→ **WHAT YOU HAVE TO DO**
Return the records below exactly; pictures stay out.
----
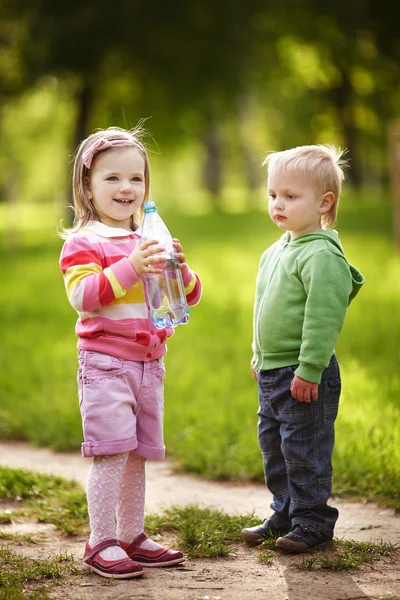 Niño y niña bebiendo agua mineral en el parque — Foto de Stock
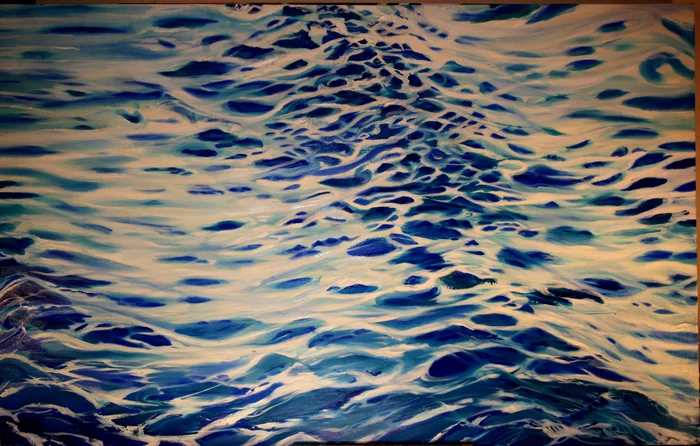 Interlocking blue and pale gold ripples fill the surface of the water.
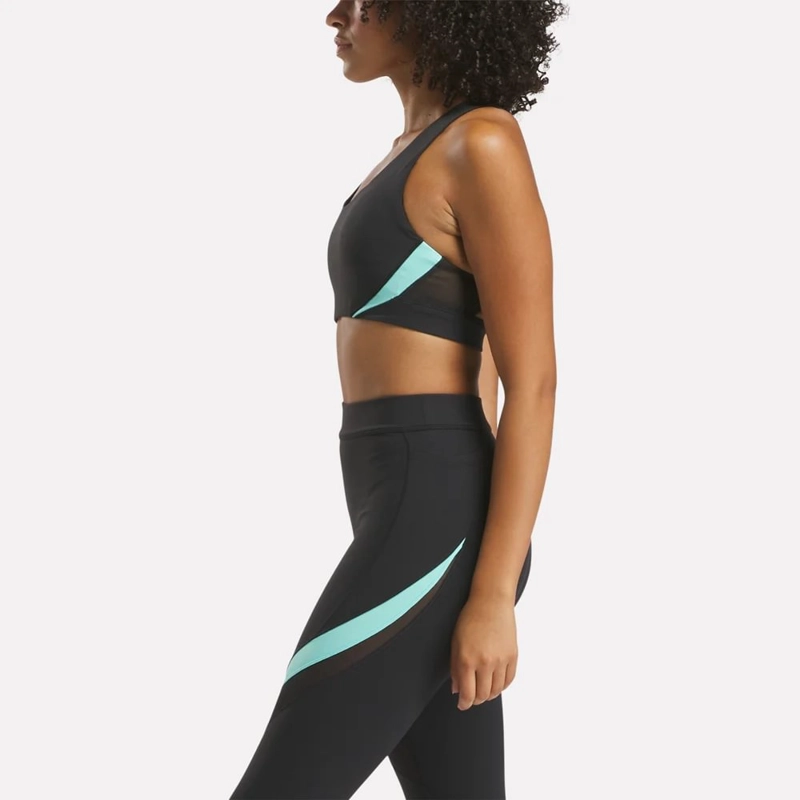 TOP DEPORTIVO MUJER REEBOK LUX RACER CB - 3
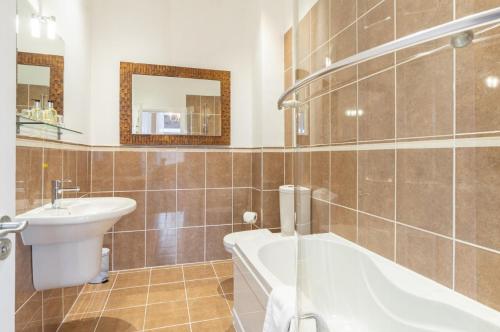 a bathroom with a sink and a tub and a toilet at The Tontine Hotel in Greenock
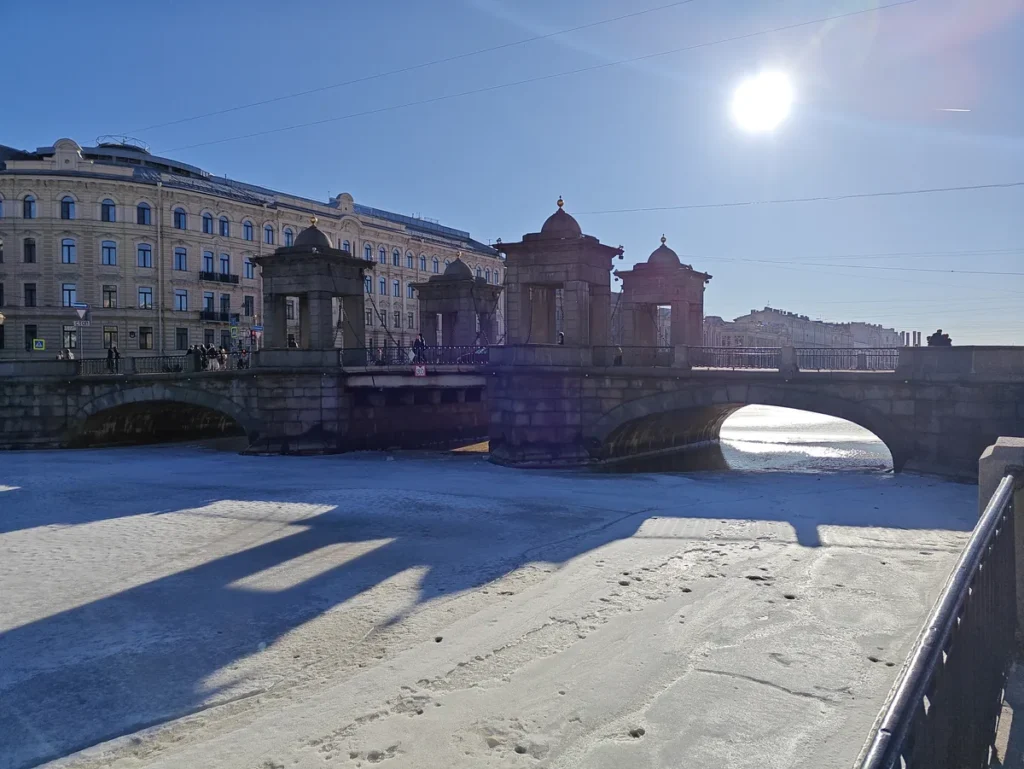 Ornate historic bridge over the Fontanka canal in Saint Petersburg, Russia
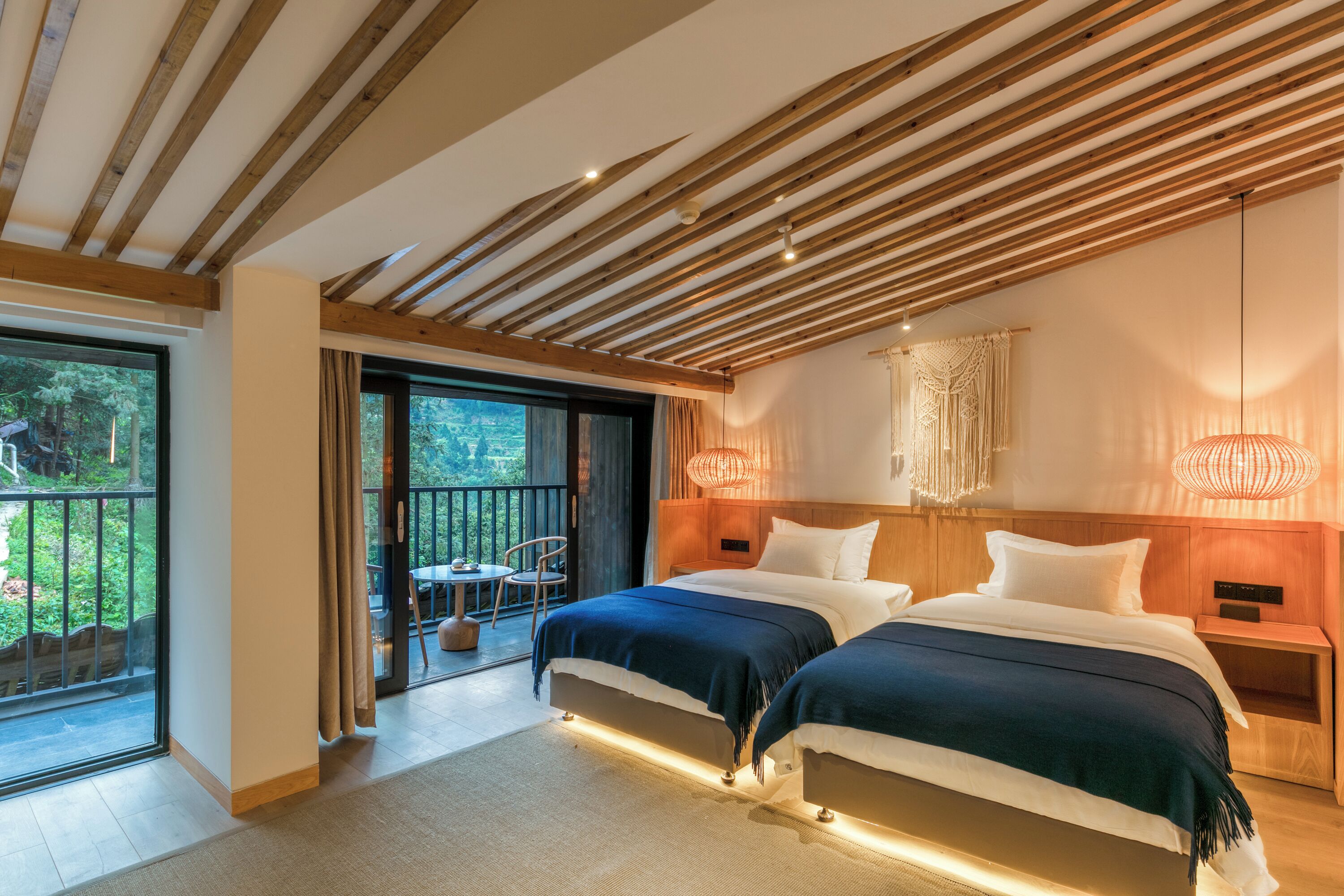 A modern bedroom with two beds, wooden ceiling beams, and a balcony with outdoor seating.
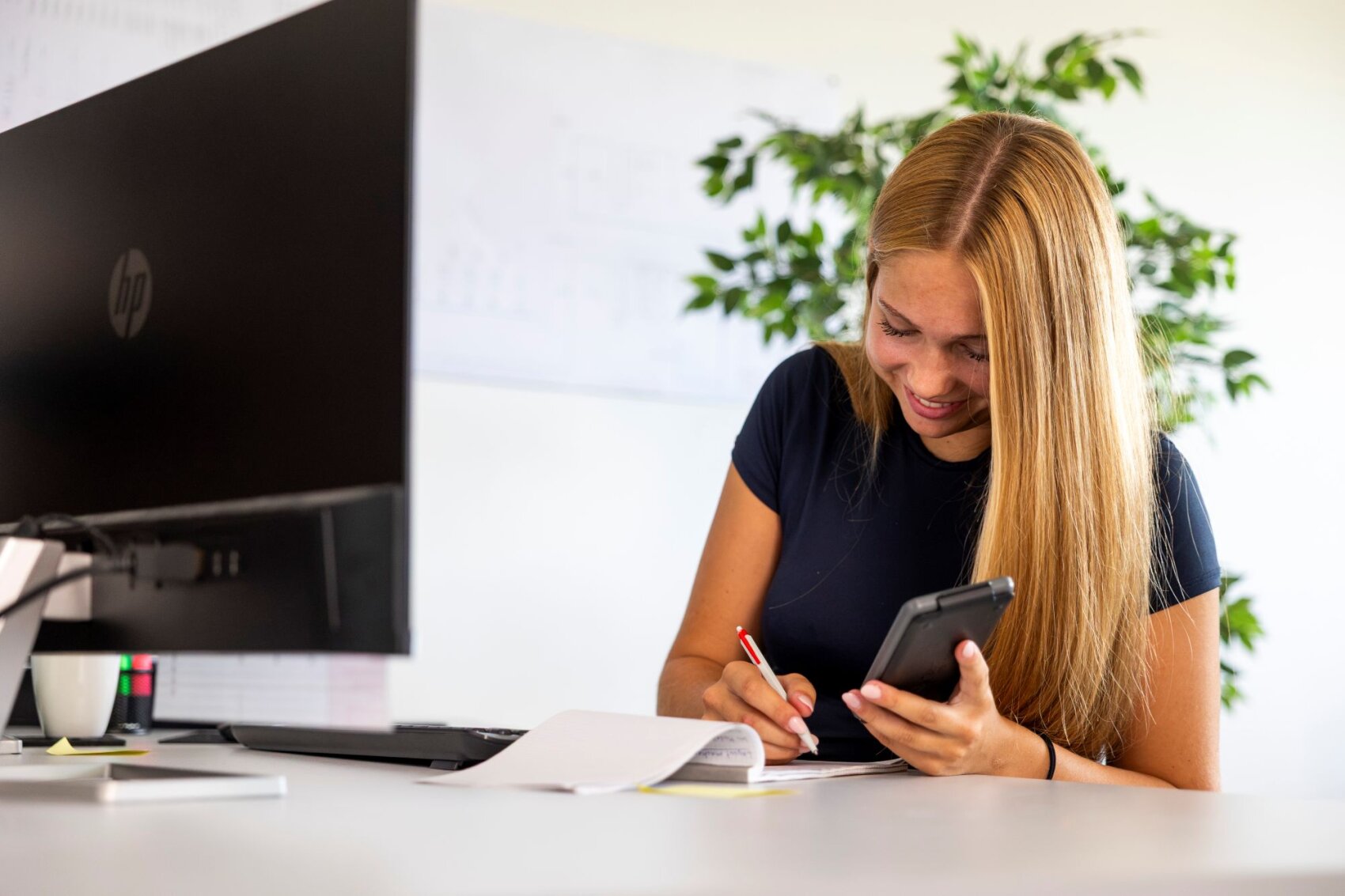 Une femme aux longs cheveux blonds sourit tandis qu'elle travaille à son bureau, une calculatrice à la main, en écrivant sur une feuille de papier ; à l'arrière-plan, on aperçoit un écran d'ordinateur, des documents et une plante.
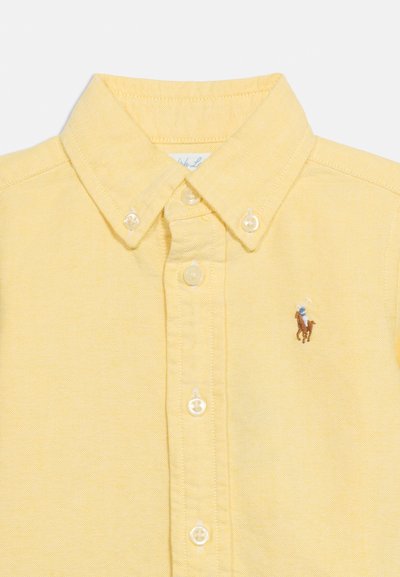 Camisa amarilla abotonada con cuello abotonado y pequeño logo bordado de un jugador de polo a caballo en el pecho izquierdo.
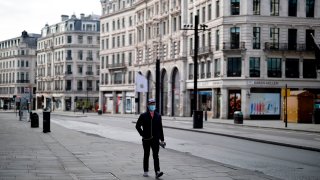 A pedestrian wearing a face mask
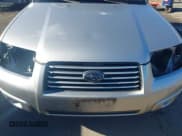 ✅ 2007 Subaru Forester X • VIN: JF1SG65677H737329 • Lot: 43611395. Listed on IAAI with 110,691 mi. Free auction sales archive from the USA and detailed vehicle history report at DreamBid. Image 6.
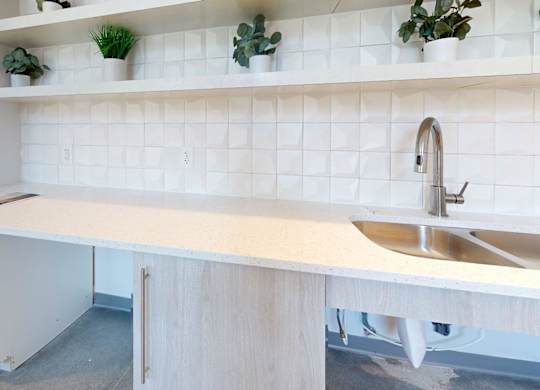A white kitchen with a sink and a cabinet.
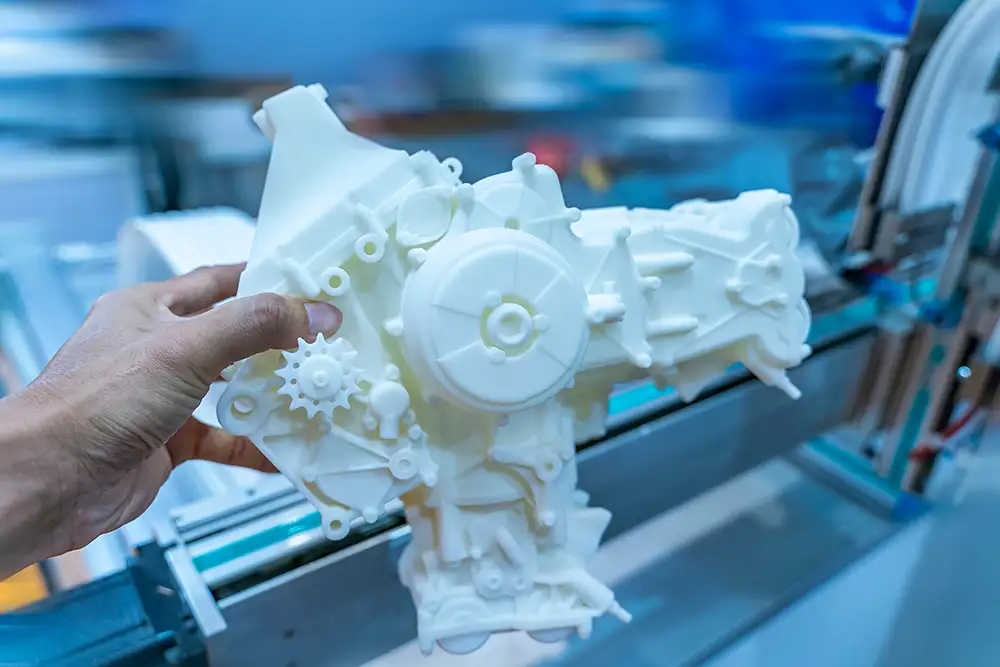 It shows a 3D printed, complex mechanical component being held in the hand.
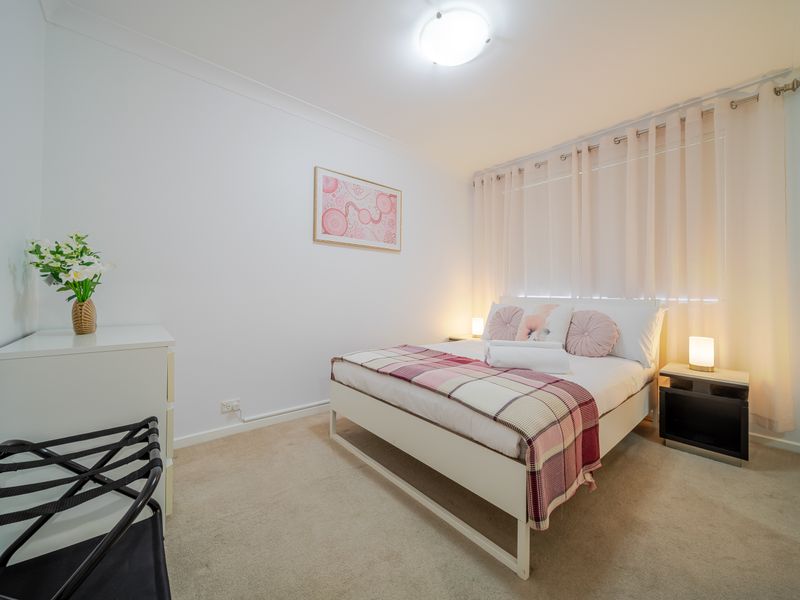 Light-filled bedroom styled for rest and comfort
----
→ **TASK RESPONSE**
 Niño y niña bebiendo agua mineral en el parque — Foto de Stock
 Interlocking blue and pale gold ripples fill the surface of the water.
 TOP DEPORTIVO MUJER REEBOK LUX RACER CB - 3
 a bathroom with a sink and a tub and a toilet at The Tontine Hotel in Greenock
 Ornate historic bridge over the Fontanka canal in Saint Petersburg, Russia
 A modern bedroom with two beds, wooden ceiling beams, and a balcony with outdoor seating.
 Une femme aux longs cheveux blonds sourit tandis qu'elle travaille à son bureau, une calculatrice à la main, en écrivant sur une feuille de papier ; à l'arrière-plan, on aperçoit un écran d'ordinateur, des documents et une plante.
 Camisa amarilla abotonada con cuello abotonado y pequeño logo bordado de un jugador de polo a caballo en el pecho izquierdo.
 A pedestrian wearing a face mask
 ✅ 2007 Subaru Forester X • VIN: JF1SG65677H737329 • Lot: 43611395. Listed on IAAI with 110,691 mi. Free auction sales archive from the USA and detailed vehicle history report at DreamBid. Image 6.
A white kitchen with a sink and a cabinet.
 It shows a 3D printed, complex mechanical component being held in the hand.
 Light-filled bedroom styled for rest and comfort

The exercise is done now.